Pourquoi ? Un tel navire est avant tout un outil politique puis stratégique, qui possède une capacité d’entraînement auprès des partenaires européens de Paris. Clairement, c’est un instrument à la double vocation guerrière et diplomatique. « Je n’ai aucun doute non plus quant à la valeur politique et à la force symbolique d’un porte-avions », a confirmé l’amiral Prazuck. Ainsi, les trois fois où le Charles-de-Gaulle a été déployé pour aller frapper Daech, il a toujours été accompagné par des navires européens – allemands, belges, britanniques et italiens. Le porte-avions reste un atout dans la volonté de la France de promouvoir l’Europe de la défense.

« Sans porte-avions, nous perdrons notre leadership militaire en Europe, notre capacité à entraîner nos partenaires », a estimé le chef d’état-major de la Marine.

Le Charles-de-Gaulle est bien sûr aussi un outil de projection de puissance. Il en a fait la démonstration avant sa rénovation : il a permis à partir de sa position en Méditerranée orientale de frapper Daech depuis les attentats de 2015. « Chaque fois que notre pays a été touché par des attentats, une des réponses a consisté à faire appareiller le Charles de Gaulle pour aller frapper les endroits d’où ces attentats avaient été pensés et commandités », a constaté l’amiral Prazuck. Le Charles-de-Gaulle avait permis de tripler le nombre d’avions présents sur zone contre Daech. Mais cette présence est une volonté politique.

Un prix prohibitif ?

Le porte-avions est-il à la portée d’un budget de la défense français. A priori oui sauf catastrophe budgétaire majeure. Et s’il y a une volonté politique, il y aura forcément un sillage pour le remplaçant du Charles-de-Gaulle. Le coût est évalué « à 4,5 milliards d’euros, ce qui représente – étalé sur 10 ans – 0,02 % du PIB… », a analysé en octobre 2017 le CEMM. Loin, très loin derrière celui du porte-avions USS Gerald R.Ford qui a coûté aux États-Unis la somme record de 12,9 milliards de dollars.

« Cela étant, c’est un investissement extrêmement lourd qui demande une programmation et une volonté affirmée.
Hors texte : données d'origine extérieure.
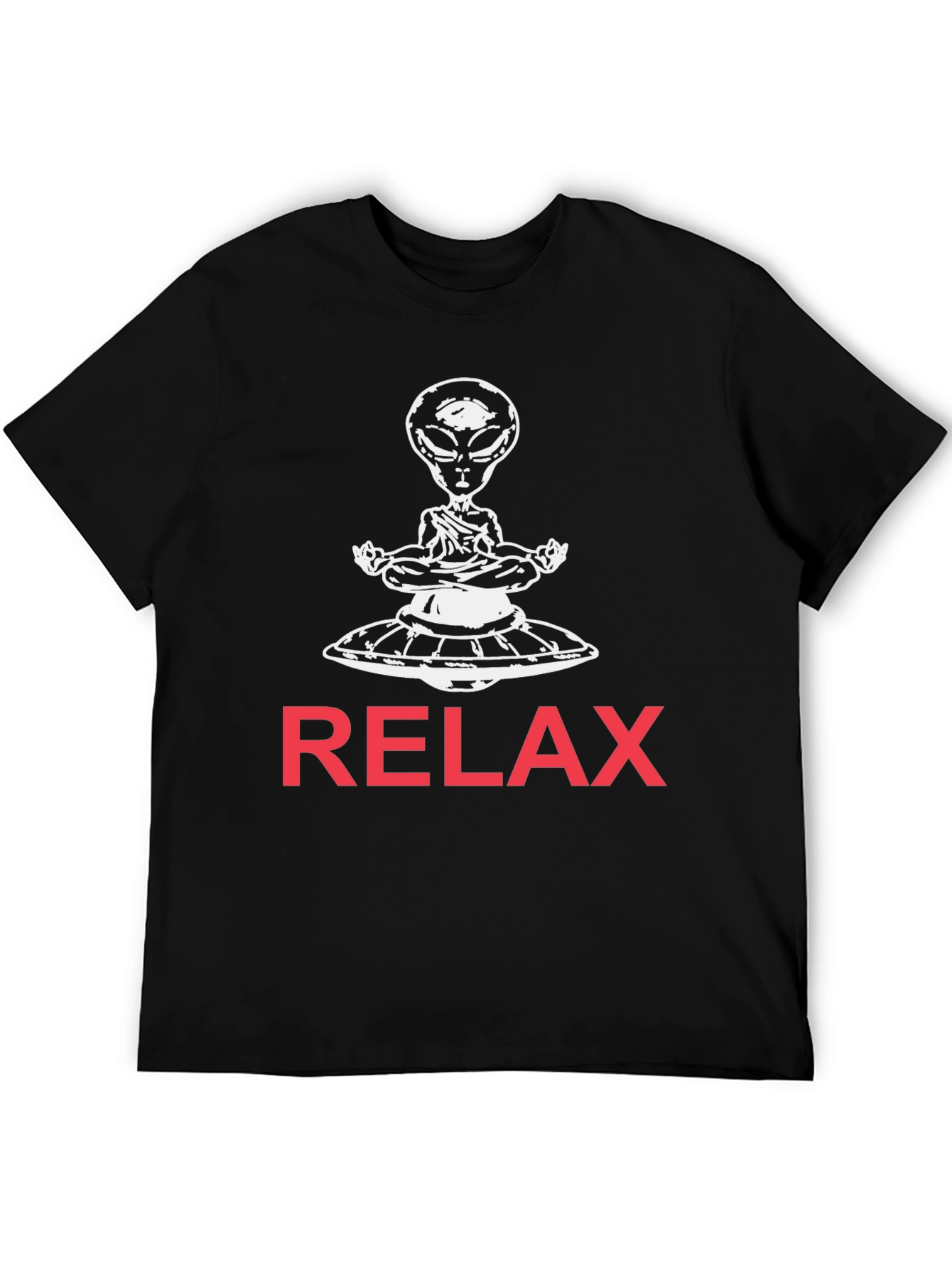 Black Relax Alien T-Shirt -  UFO Meditation Tee view 5
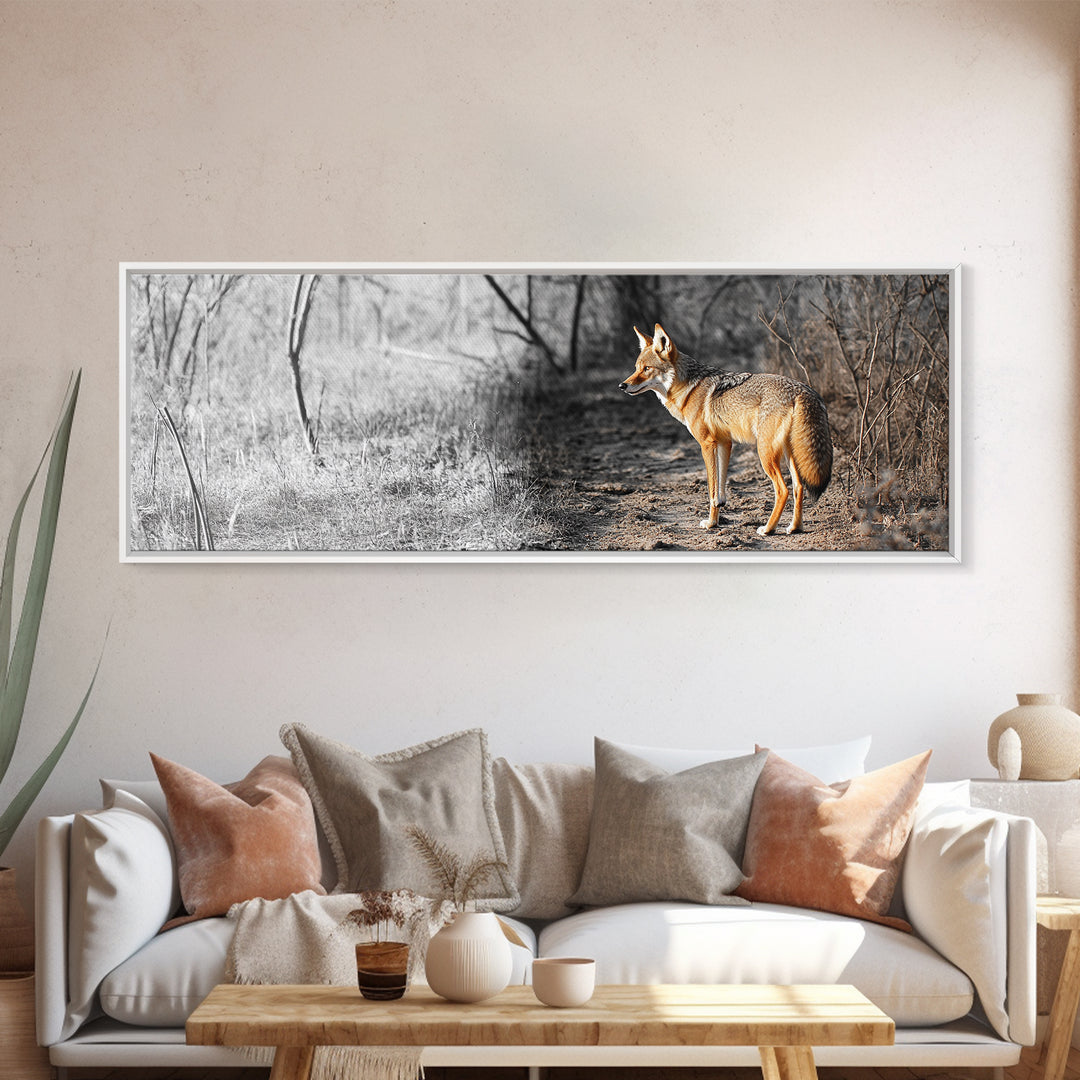 Coyote in Forest, Wildlife Wall Art, Rustic Decor, Nature Art, Moody Art, Extra Wide Art, Panoramic Art, Framed Canvas Print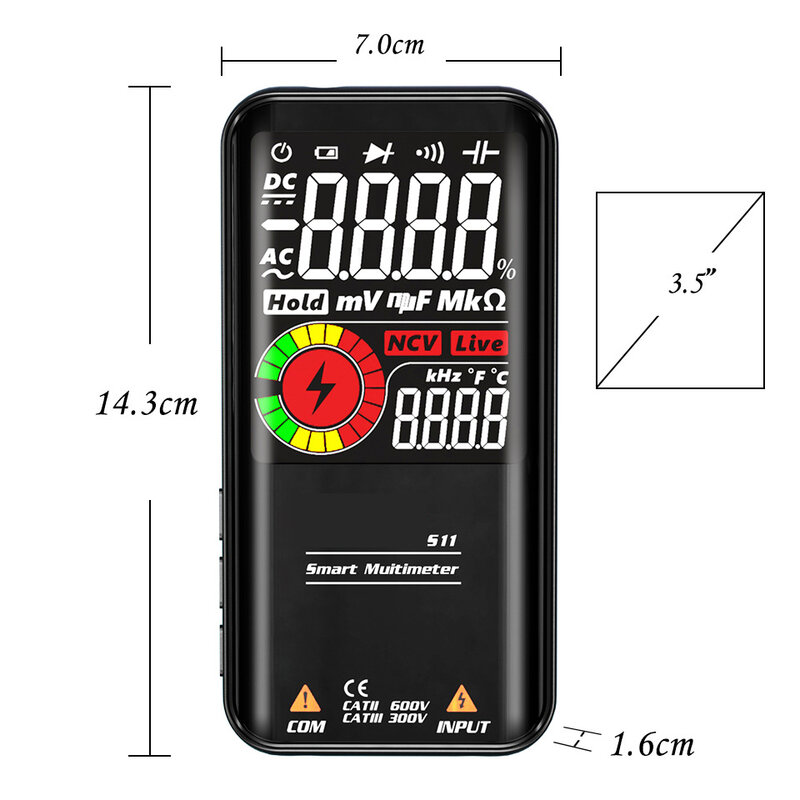 مقياس متعدد رقمي 9999 T-RMS شاشة LCD ملونة 3.5 بوصة تيار مستمر جهد تيار متردد السعة أوم صمام ثنائي متعدد الميترو NCV Hz جهاز اختبار الأسلاك الحية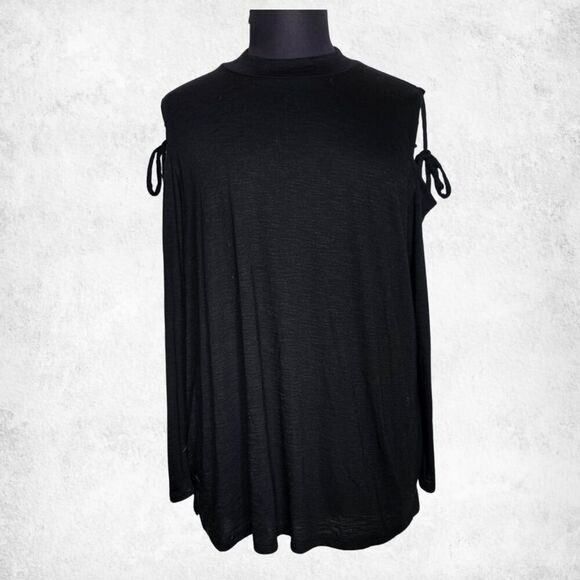 Lane Bryant Black Cold Shoulder Top 22/24 Plus Size Tie Sleeve Modal Blend Tunic - Picture 1 of 7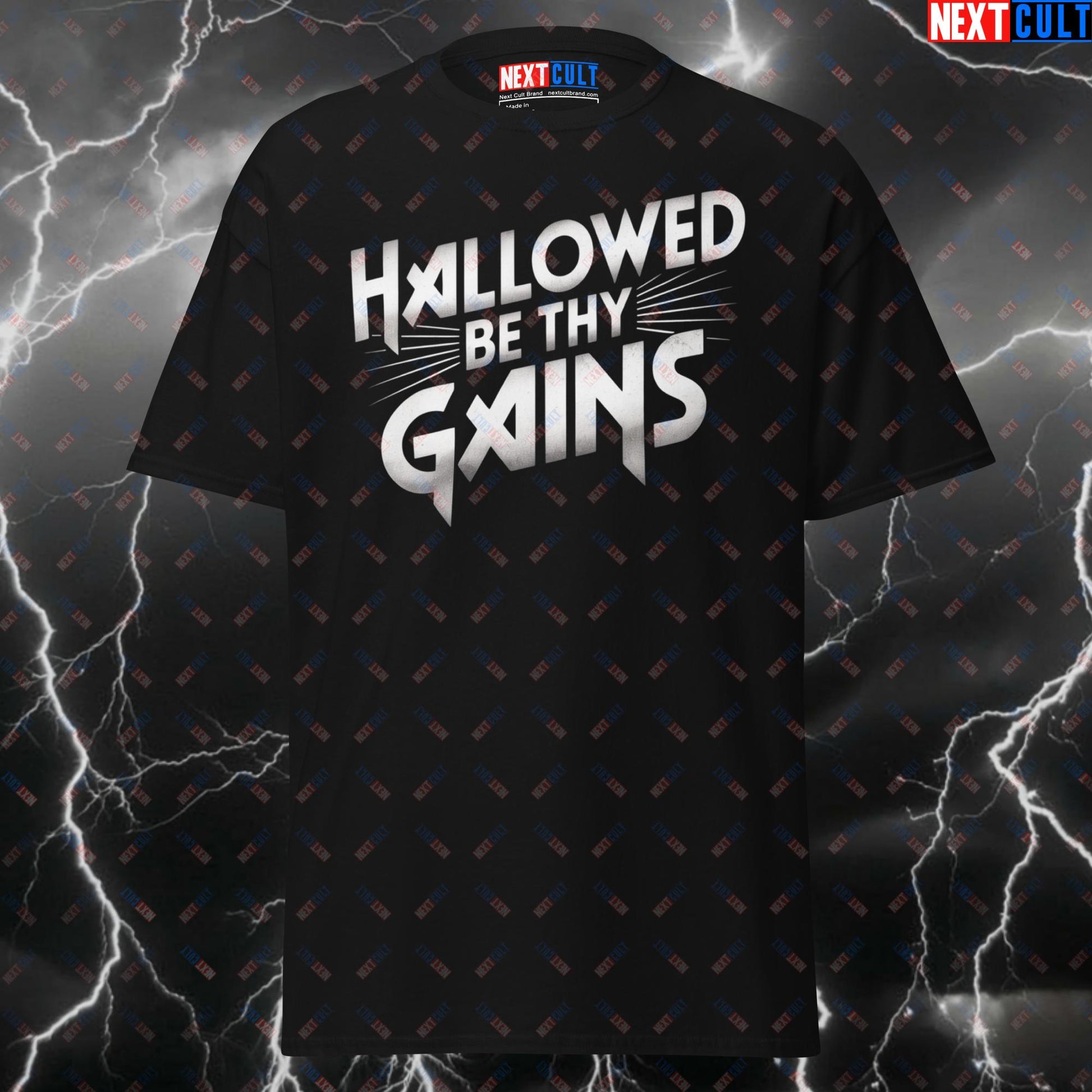Hallowed Be Thy Gains T-Shirt - Funny Gym Shirt & Pump Cover for Metalheads, Lifters & Gymbros - Heavy Metal Workout Tee T-shirts Bodybuilding Fitness Gym Iron Maiden Pump Cover Rock Music Workout Next Cult Brand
Donc une décision politique », avait-il expliqué en juillet 2017. Mais calculé à la tonne, une frégate coûterait deux fois plus cher et un sous-marin quatre fois plus. La Marine a remporté une première manche avec le lancement des études du prochain porte-avions mais elle devra encore convaincre de la nécessité d’un tel outil en 2080.